© Reuters.
Microsoft (NASDAQ:)’s LinkedIn (NASDAQ:MSFT) is set for a second round of significant layoffs this year, affecting approximately 668 employees from various teams. This follows a previous wave of job cuts in May that resulted in 716 layoffs. The total number of layoffs now stands at 1,384, representing about 3% of the company’s global workforce.
The decision comes as part of a broader restructuring effort aimed at streamlining decision-making and adapting organizational structures. LinkedIn, which boasts a user base of around 950 million, reported a 5% growth rate last quarter. The company remains committed to delivering value to its members and investing in strategic growth areas, such as AI-powered collaborative articles, identified as the fastest-growing traffic driver.
According to Microsoft’s full-fiscal-year earnings report from July 2023, LinkedIn generated $15 billion in revenue.
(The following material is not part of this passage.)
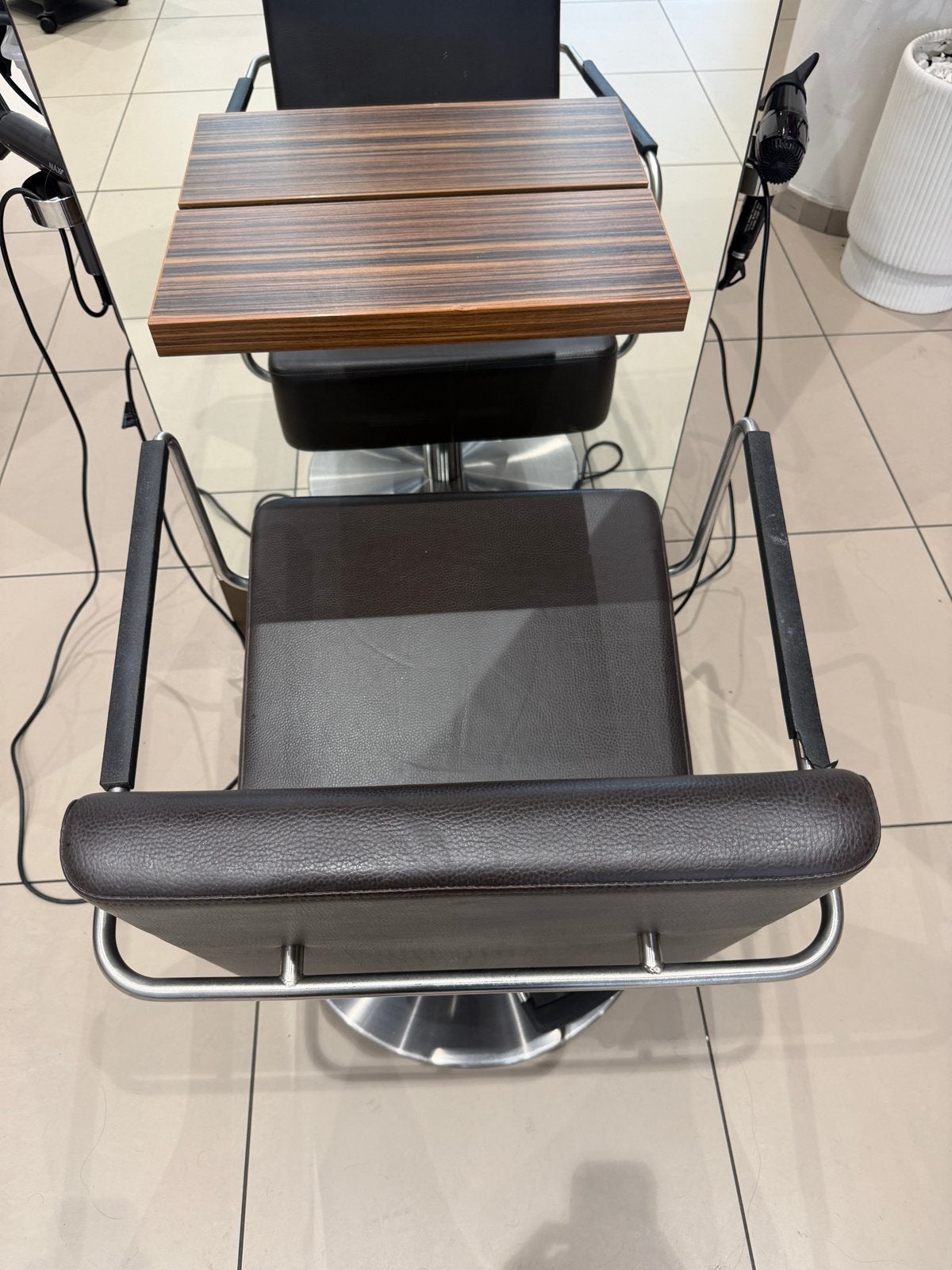 Mooie bruine kappersstoel in perfecte conditie, Diensten en Vakmensen, Kappers en Thuiskappers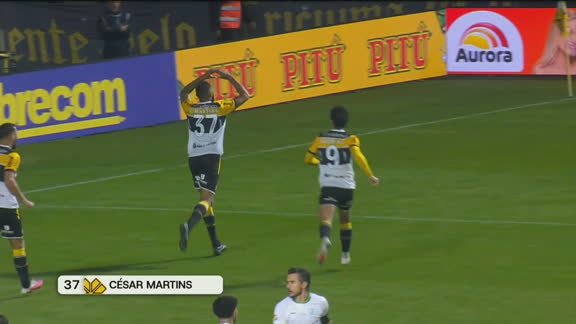 Gol do Criciúma! César Martins sobe sozinho e o abre o placar contra o América-MG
However, the company has been grappling with slowing revenue growth, prompting these organizational changes.
Microsoft, which includes LinkedIn in its portfolio, is expected to release fiscal Q1 reports on October 24. Market analysts anticipate earnings of $2.65 per share on revenues of $54.52B. The Wall Street consensus maintains a Strong Buy rating for MSFT stock and predicts a price target of $396.94 per share, indicating an upside potential of 18.88%.
This news comes amid reports of over 242,000 tech sector layoffs in 2023 by Layoffs.fyi. The ongoing restructuring at LinkedIn is reflective of broader trends within the tech industry as companies adapt to changing market dynamics and seek efficiency in operations.